Directions for this task
Leave out the pictures and print the rest of the entries exactly as they stand.

Image-backed grounding data:
--------------------------------
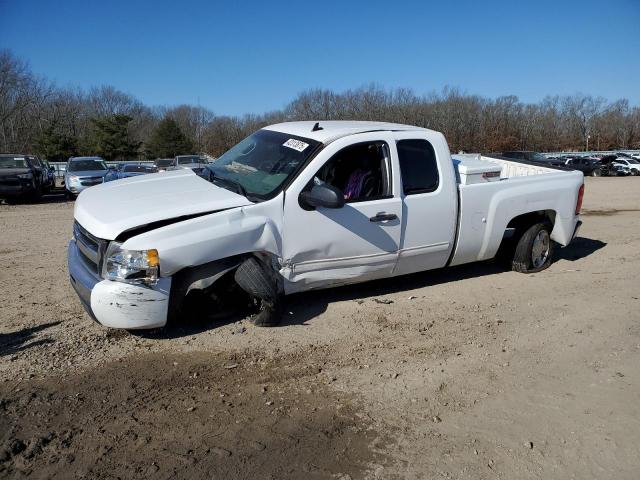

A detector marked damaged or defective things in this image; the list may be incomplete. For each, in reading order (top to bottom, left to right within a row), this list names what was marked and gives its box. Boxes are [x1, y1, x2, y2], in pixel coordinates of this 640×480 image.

crushed front bumper [67, 242, 170, 328]
headlight damage [102, 240, 159, 284]
vehicle hood damage [74, 168, 251, 240]
damaged white truck [69, 122, 584, 328]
--------------------------------
Response
A detector marked damaged or defective things in this image; the list may be incomplete. For each, in reading order (top to bottom, left to right within a row), this list names what was marked and gives its box. Boxes are [x1, y1, x2, y2], in pixel coordinates of this 640×480 image.

crushed front bumper [67, 242, 170, 328]
headlight damage [102, 240, 159, 284]
vehicle hood damage [74, 168, 251, 240]
damaged white truck [69, 122, 584, 328]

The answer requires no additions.